In this article, we will learn to perform **floating rate bond valuation in Excel**. The floating rate bond pays coupons that vary over their maturity. The floating rate of coupons is determined periodically. Today, we will demonstrate **2 **cases of floating rate bond valuation in Excel. Using these cases, you can also find the bond value. So, without further delay, let’s start the discussion.

## Download Practice Workbook

You can download the workbook from here.

## What Is Floating Rate Bond?

Floating rate bond delivers variable interest. This interest is determined by a coupon rate that changes according to the market rate. Thus it offers potential gains to investors.

The calculation of a floating rate bond may look critically at a first glance. But it becomes easy if you consider the principal **N**, as being redeemed together with the coupon payment (which is **x **times **N**) and using the same discount rate (**y**). We have demonstrated this in **Case 2**. The equation is:

**Bond Value = ((xN)/(1+y))+((N/(1+y))**

Also, we can use the basic concept and formula to find the bond value for the floating rate. In the following sections, we will discuss both cases.

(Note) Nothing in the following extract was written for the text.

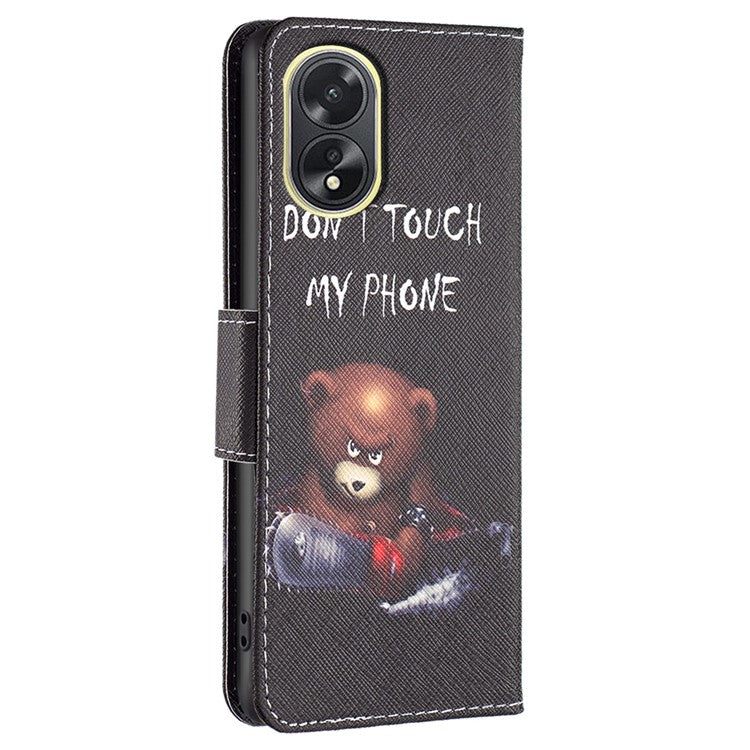 PU Leather Phone Cover for Oppo A38 4G , Pattern Printing Phone Case with Stand Wallet - Bear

## 2 Cases of Floating Rate Bond Valuation in Excel

To explain the cases, we will use two different datasets. In the first case, the dataset will contain the **Principal**, **Last Fixed Coupon Rate**, **Years **(**t**), and **Market Rate**. We will calculate the **Cash Flow **(**CF**), **Discounted CF, **and **Bond Value** using this information.

In the second case, the dataset will contain the **Principal**, **Last Fixed Coupon Rate**, and **Market Rate **of the first year. We will calculate the **Coupon **amount, **Total CF**, and **Bond Value **using them.

### Case 1: Bond Valuation in Excel When Floating Rates Are Known

In the first case, we will perform bond valuation in Excel when floating rates are known. This means we will find the cash flows as if we knew the floating rates in the future. In the dataset below, you can see the **Principal**, **Last Fixed Coupon Rate**, and year-wise **Market Rate**. We need to find the **Cash Flow **(**CF**), **Discounted CF**, and **Bond Value **using this information.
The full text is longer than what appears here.